A high system connects the ground floor with rostrums inside the church - slim Tuscan pilasters carry the heavy vault which is followed by barrel vault with lunettes and lacunas. The conception of the one-nave church with rostrums between buttresses - called "Wandpfeilkirche" - is extraordinary in the Renaissance architecture of Central Europe. It is a remarkable synthesis of the contemporary classical, Mannerism elements of the Italian, German and local Czech Renaissance style. The author of the church in Kralovice might be Bonifác Wolmut who designed several buildings for Ferdinand I at the Prague Castle.
In the south chapel, Florián Gryspek got a family tomb for the members of his family built. The members of the big family have rested in the glassed-in coffins so far.
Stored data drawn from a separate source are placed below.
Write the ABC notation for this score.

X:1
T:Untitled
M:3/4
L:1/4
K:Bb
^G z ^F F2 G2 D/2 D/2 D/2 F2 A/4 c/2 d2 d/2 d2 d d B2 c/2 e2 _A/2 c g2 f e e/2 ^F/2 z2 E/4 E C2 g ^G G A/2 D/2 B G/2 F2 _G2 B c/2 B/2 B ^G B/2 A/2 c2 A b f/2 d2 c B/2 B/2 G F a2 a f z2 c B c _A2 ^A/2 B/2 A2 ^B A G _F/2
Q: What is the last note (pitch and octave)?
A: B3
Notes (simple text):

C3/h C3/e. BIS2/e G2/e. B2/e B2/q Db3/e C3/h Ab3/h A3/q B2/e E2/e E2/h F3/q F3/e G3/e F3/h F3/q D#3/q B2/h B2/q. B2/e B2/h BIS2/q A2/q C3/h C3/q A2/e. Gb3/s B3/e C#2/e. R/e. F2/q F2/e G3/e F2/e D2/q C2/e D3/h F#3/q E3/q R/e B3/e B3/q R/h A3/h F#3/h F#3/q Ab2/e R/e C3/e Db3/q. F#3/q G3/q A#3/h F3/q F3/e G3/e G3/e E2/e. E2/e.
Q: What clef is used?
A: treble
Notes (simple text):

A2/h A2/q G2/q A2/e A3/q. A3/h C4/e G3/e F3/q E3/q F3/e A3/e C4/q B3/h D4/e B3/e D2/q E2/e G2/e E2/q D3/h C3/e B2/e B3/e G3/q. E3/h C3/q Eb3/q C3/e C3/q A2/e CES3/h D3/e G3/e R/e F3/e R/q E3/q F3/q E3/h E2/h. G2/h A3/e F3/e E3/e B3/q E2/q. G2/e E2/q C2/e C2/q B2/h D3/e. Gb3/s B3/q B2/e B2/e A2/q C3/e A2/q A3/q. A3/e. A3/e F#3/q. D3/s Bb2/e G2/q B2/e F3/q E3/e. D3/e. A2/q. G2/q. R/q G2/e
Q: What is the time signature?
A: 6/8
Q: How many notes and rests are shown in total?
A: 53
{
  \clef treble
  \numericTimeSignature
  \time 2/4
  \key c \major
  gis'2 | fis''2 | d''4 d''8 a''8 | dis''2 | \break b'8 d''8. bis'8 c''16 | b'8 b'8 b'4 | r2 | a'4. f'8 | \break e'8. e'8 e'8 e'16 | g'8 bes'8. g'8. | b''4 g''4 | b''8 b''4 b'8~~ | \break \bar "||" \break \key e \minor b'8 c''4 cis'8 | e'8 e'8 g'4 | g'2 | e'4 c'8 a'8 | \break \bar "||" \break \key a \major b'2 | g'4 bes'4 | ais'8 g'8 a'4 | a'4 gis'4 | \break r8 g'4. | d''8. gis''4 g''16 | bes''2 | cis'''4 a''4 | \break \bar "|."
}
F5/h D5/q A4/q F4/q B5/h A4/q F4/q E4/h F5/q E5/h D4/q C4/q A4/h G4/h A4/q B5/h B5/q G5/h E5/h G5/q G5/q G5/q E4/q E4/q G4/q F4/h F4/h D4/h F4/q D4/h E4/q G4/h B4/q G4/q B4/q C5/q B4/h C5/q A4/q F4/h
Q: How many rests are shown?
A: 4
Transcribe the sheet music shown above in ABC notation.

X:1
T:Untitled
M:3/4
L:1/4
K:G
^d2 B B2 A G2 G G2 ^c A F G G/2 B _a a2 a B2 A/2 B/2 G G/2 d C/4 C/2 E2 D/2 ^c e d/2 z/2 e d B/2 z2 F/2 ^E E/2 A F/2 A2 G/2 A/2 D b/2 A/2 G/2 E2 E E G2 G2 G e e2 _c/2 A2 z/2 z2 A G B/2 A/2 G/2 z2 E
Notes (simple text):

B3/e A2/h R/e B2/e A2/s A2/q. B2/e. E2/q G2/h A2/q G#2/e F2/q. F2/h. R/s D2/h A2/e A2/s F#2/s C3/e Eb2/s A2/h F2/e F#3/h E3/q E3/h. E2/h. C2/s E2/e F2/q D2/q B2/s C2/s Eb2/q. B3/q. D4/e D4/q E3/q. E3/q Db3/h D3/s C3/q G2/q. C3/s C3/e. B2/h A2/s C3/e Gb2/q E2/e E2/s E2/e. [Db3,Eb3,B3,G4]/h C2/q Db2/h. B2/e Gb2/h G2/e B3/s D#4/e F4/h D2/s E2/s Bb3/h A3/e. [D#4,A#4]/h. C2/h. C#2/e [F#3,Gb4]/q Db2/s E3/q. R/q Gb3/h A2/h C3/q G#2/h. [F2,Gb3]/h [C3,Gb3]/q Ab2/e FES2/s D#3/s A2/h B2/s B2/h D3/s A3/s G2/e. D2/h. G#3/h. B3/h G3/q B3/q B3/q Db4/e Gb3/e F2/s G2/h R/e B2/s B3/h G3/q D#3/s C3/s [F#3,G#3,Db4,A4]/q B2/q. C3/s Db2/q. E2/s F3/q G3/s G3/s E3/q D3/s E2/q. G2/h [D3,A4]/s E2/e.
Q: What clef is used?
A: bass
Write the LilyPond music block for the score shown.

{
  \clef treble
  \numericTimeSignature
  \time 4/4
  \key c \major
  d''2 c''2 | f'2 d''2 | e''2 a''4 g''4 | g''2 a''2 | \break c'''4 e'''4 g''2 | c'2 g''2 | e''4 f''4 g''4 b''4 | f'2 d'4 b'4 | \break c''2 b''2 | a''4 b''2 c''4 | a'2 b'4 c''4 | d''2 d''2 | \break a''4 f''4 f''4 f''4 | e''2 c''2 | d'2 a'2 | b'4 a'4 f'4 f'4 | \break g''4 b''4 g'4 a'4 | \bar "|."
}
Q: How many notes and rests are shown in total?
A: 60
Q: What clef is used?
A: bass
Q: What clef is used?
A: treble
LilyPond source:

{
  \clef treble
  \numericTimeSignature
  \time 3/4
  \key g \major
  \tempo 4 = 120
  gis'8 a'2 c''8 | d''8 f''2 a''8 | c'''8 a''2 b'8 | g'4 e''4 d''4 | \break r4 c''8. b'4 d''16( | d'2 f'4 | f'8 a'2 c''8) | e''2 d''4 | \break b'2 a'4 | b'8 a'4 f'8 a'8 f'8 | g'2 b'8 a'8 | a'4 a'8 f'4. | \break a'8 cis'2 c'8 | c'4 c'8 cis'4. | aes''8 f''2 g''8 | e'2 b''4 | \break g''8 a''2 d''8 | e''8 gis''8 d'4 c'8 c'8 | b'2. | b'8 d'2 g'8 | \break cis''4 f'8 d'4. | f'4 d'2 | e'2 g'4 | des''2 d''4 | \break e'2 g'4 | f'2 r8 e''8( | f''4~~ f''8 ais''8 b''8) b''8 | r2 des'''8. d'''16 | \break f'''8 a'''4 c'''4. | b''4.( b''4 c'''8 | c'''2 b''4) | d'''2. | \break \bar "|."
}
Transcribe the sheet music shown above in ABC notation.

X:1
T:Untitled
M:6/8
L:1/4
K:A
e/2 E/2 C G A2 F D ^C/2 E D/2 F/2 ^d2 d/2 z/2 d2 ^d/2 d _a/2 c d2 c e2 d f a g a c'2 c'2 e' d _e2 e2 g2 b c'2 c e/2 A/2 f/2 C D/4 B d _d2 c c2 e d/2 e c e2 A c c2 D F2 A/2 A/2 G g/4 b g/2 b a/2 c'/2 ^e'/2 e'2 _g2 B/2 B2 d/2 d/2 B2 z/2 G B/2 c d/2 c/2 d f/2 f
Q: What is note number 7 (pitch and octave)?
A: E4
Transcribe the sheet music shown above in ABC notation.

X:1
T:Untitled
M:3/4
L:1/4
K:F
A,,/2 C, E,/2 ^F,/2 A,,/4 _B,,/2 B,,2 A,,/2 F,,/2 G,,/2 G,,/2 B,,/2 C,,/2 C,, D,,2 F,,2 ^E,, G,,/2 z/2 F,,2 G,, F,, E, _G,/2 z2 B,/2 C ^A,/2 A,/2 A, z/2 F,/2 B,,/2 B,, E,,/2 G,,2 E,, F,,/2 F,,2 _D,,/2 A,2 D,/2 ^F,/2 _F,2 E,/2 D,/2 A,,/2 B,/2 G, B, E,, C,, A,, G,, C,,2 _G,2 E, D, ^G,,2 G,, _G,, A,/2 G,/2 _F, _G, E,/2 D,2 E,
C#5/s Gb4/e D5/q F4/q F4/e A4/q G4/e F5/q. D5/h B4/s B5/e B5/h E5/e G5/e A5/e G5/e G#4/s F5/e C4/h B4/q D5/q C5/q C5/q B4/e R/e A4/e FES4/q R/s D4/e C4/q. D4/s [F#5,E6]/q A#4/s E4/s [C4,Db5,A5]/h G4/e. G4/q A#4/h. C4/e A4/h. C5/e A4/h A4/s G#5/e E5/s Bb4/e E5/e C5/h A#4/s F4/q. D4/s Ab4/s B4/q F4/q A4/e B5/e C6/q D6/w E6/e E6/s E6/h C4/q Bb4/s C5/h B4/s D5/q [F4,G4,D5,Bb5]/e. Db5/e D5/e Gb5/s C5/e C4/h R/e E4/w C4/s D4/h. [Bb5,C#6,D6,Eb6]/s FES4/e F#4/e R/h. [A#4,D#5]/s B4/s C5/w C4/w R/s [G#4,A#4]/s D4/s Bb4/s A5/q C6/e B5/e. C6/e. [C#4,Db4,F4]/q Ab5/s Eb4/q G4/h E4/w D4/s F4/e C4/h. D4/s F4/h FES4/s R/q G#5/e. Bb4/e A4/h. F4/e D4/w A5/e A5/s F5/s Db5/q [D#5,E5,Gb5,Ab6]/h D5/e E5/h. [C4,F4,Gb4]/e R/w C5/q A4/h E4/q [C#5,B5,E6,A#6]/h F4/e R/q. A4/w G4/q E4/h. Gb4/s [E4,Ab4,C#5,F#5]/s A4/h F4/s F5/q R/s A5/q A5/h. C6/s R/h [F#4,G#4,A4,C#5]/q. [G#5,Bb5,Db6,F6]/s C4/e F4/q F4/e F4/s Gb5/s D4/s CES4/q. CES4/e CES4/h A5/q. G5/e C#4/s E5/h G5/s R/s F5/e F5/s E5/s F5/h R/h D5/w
The good condition of the bodies, which is a rarity, has gained them a name "the mummy of Kralovice". In the chapel there is the epitaph of the Gryspek family from 1593. It is an important monument of the Renaissance art in Western Bohemia from Hans Buleus from Regensburg, Samuel Braun from Kadaň and Krištof Harwig from Wernigerode.
On the choir there is a Baroque organ from 1689 with carvings of instrument playing angels.
The main alter of the church is of a late Renaissance style from the 2nd half of the 17th century with statues of saints Peter, Paul, Andrew and a glassed sculptural group of the Annunciation to the Blessed Virgin Mary from Mariánská Týnice.